Donald Trump is saying the same thing he's always said about 9/11, and it still doesn't make any sense

EPA
EPA

Most Americans who were school-age and above on September 11, 2001 have a "9/11 story" that fits into the wide range of emotions felt that day.

While speaking at a ceremony to mark the 18th anniversary of al-Qaeda's attack on the Pentagon, Donald Trump told his own 9/11 story, which began with him watching CNBC's coverage cut away to footage of the first plane strike's aftermath.

"At first, there were different reports: It was a boiler fire, but I knew that boilers aren’t at the top of a building. It was a kitchen explosion in Windows on the World. Nobody really knew what happened," Trump said, recalling "great confusion".

But like so many Trump anecdotes, what he claims to have happened doesn't match the facts. Within 30 seconds of CNBC cutting to a live picture of smoke billowing out of the World Trade Center's North tower that morning, anchor Mark Haines was told that a source who worked in the towers had reported a plane crashing into the building as the cause.

At no point in time does Haines or anyone who was on-air with him mention the possibility of a boiler fire or an explosion at Windows on the World, the restaurant on the tower's top floor.

Trump also repeated something today that he has said on numerous occasions over the years, most recently at a July signing ceremony for legislation to renew the federal 9/11 victims' compensation fund: he claimed to have gone to the site of the fallen towers to help.

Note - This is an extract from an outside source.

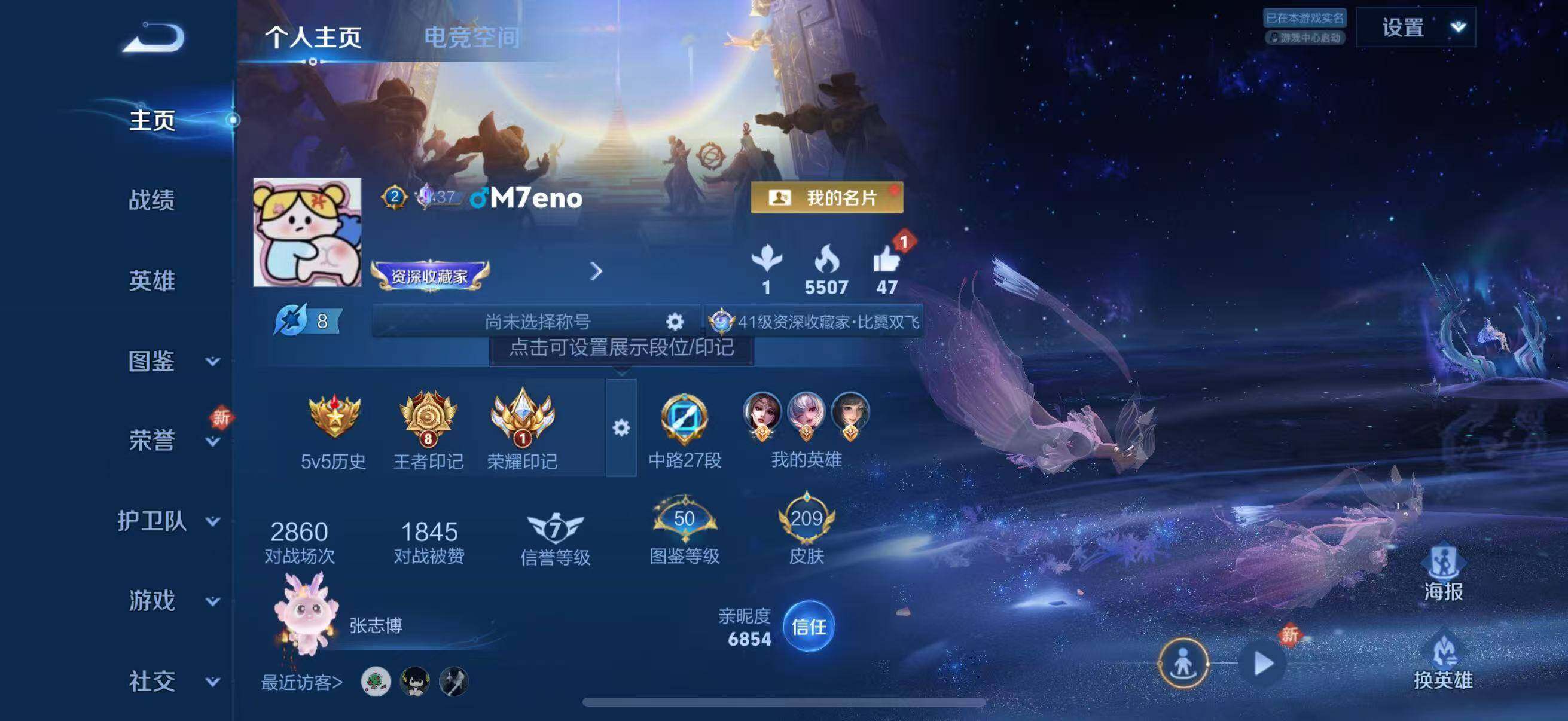 WZLFY3222479王者荣耀账号详情图7 WZLFY3222479王者荣耀账号详情图7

"Soon after, I went down to Ground Zero with men who worked for me to try to help in any little way that we could," he said.

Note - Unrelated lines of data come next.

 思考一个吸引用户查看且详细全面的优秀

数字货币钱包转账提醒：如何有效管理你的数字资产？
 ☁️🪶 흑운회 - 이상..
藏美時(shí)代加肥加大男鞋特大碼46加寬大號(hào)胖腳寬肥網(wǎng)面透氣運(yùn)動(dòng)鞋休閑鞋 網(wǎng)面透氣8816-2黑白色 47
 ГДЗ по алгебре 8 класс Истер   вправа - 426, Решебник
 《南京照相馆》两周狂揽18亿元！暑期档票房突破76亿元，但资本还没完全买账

Trump said he "spent a lot of time" with 9/11 first responders at that July ceremony, but retired New York Fire Department Deputy Chief Richard Alles contradicted these claims in an interview with the New York Times.

“I spent many months there myself, and I never witnessed him,” said Alles, who attended the July event. “He was a private citizen at the time. I don’t know what kind of role he could have possibly played.”

That afternoon, as first responders desperately searched for fallen colleagues in the burning rubble of the collapsed Twin Towers, the man who would become the 45th president called into a local TV station — Seacaucus, New Jersey's WWOR — for an interview with anchors Brenda Blackmon and Rolland Smith.

Asked if the towers' collapse, which killed 2,606 people and destroyed the entire World Trade Center site, had damaged his nearby office tower at 40 Wall Street, Trump prefaced his answer with a mention of the height of his building.

“40 Wall Street actually was the second-tallest building in downtown Manhattan, and it was actually, before the World Trade Center, was the tallest — and then, when they built the World Trade Center, it became known as the second tallest, and now it’s the tallest," Trump said.

Even on that day, Trump couldn't bring himself to acknowledge the truth of the matter, which was that a building at 70 Pine Street topped his own structure by 25 vertical feet.

Nine years later, he'd making even bigger false claims by having his then-lawyer direct the National Enquirer to start pushing the lie that former President Barack Obama was not born in the United States.

Seven years after that, he'd be sworn in as president and tell the first of the reported 12,019 false or misleading claims he's made in the 928 days of his term so far.

And nearly two decades after the day that the New York Fire Department Deputy Chief didn’t see him at Ground Zero, we still have reason to question the stories he tells us.